TRIBUNNEWS.COM, JAKARTA -- Dokter asal Padang, Siti Sundari Darnila alias SSD telah menjelaskan bahwa postingan di Facebook dengan akun Gusti Sikumbang adalah Hoax. Hal itu dijelaskan oleh SSD kepada kuasa hukumnya, Irfan Iskandar.
Kata Irfan, apa yang diunggah dalam akun tersebut bukan berasal langsung dari tangan Siti.
"Beliau bilang, itu hoax. Ada di kolom komen, kalau itu bukan dia yang buat," jelasnya saat dihubungi, Jakarta, Jumat (29/12/2017).
Postingan dengan kalimat "KITA PRIBUMI RAPATKAN BARISAN..PANGLIMA TNI YANG BARU MARSEKAL HADI TJAHYANTO BERSAMA ISTRI *LIM SIOK LAN* DGN 2 ANAK CEWEK COWOK....ANAK DAN MANTU SAMA SAMA DIANGKATAN UDARA....." bukanlah orang yang pertama mengunggah kalimat itu.
"Dia bukan yang pertama, mungkin beliau yang kesekian," ucapnya.
Dokter umum di salah satu Puskesmas tersebut, juga masih tidak percaya jika dia harus ditangkap pihak kepolisian dirumahnya setelah beberapa saat kalimat itu diunggah.

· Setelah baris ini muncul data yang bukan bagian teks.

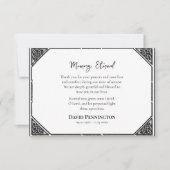 Decorative Black and White Orthodox Funeral Bedankkaart (Voorkant)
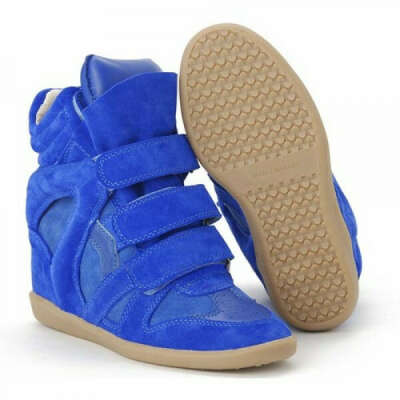 Isabel Marant leather and suede wedge sneakers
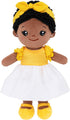 OUOZZZ Soft Black Baby Dolls for Girls - First African American Baby Dolls Multicultural Plush Rag Doll Sleeping Cuddle Buddy Doll Yellow Bow-tie ...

Irfan mengatakan, kondisi itu yang sempat membuat wanita kelahiran 1966 tersebut bingung karena sama sekali tidak mengerti hukum.
"Dia sempat bingung beberapa hari. Dia awam sekali dengan hukum," tukasnya.
Namun begitu, Kepala Subdirektorat II Dittipidsiber Bareskrim Komisaris Besar Asep Safrudin mengatakan selama pemeriksaan berlangsung, tersangka dinilai cukup kooperatif dan menjawab semua pertanyaan.
"Sejauh ini kooperatif kok," katanya.
Motif yang pelaku, lanjut Asep, yakni hanya ikut-ikutan untuk mengunggah kalimat tersebut ke dalam akun Facebook-nya.
Ada Celah Hukum
Kuasa Hukum SSD, Irfan Iskandar mengatakan pihaknya optimis masih ada celah hukum yang bisa digunakan. Dasarnya, kepolisian dinilai tidak memiliki dasar untuk langsung menangkap tanpa adanya aduan.
Urai dia, dalam Pasal 27 ayat 2 UU ITE, harus ada aduan apabila ada seseorang yang nama baiknya tercemarkan. Sedangkan, jika pihak kepolisian mengatakan ada unsur SARA seperti pada Pasal 28 ayat 2, maka menurutnya, ada beberapa proses yang terlewat.
"Kalau pencemaran nama baik, berarti harus ada yang mengadu karena delik aduan. Kalau ada unsur SARA, maka harus ada ahli bahasa yang menilai terlebih dahulu, kalimat itu mengandung SARA atau tidak?" tukasnya.
Dari ahli bahasa, lanjut Irfan, maka kepolisian bisa mengetahui dapat dikategorikan SARA atau tidak dan sebagainya. Pasalnya, berbeda koma, titik atau tanda baca dan huruf yang digunakan memiliki makna berbeda.